Wherever the listing has a line with the string "Wall", copy that line out.
========
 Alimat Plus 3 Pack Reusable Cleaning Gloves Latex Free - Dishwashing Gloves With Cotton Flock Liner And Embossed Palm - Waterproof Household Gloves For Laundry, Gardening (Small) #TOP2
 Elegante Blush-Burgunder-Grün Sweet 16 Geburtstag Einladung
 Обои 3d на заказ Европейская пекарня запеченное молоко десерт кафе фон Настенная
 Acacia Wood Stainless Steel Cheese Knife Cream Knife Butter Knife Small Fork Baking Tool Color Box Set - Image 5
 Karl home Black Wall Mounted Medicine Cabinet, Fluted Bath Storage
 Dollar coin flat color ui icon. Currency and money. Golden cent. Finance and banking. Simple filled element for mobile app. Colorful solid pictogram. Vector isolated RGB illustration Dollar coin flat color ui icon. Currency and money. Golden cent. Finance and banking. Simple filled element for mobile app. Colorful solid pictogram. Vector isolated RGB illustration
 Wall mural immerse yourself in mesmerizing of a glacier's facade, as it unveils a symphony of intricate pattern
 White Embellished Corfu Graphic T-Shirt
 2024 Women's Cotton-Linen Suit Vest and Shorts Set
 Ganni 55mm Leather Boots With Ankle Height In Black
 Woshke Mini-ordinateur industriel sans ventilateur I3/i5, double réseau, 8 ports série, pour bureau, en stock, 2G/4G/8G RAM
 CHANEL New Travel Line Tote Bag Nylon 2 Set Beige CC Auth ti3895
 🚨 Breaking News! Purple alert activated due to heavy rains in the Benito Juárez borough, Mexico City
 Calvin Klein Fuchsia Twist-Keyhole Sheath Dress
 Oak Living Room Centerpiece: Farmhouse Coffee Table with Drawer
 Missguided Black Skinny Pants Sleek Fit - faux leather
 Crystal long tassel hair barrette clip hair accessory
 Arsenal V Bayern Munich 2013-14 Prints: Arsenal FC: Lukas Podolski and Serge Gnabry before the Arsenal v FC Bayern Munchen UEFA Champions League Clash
========
=== RESPONSE ===
 Karl home Black Wall Mounted Medicine Cabinet, Fluted Bath Storage
 Wall mural immerse yourself in mesmerizing of a glacier's facade, as it unveils a symphony of intricate pattern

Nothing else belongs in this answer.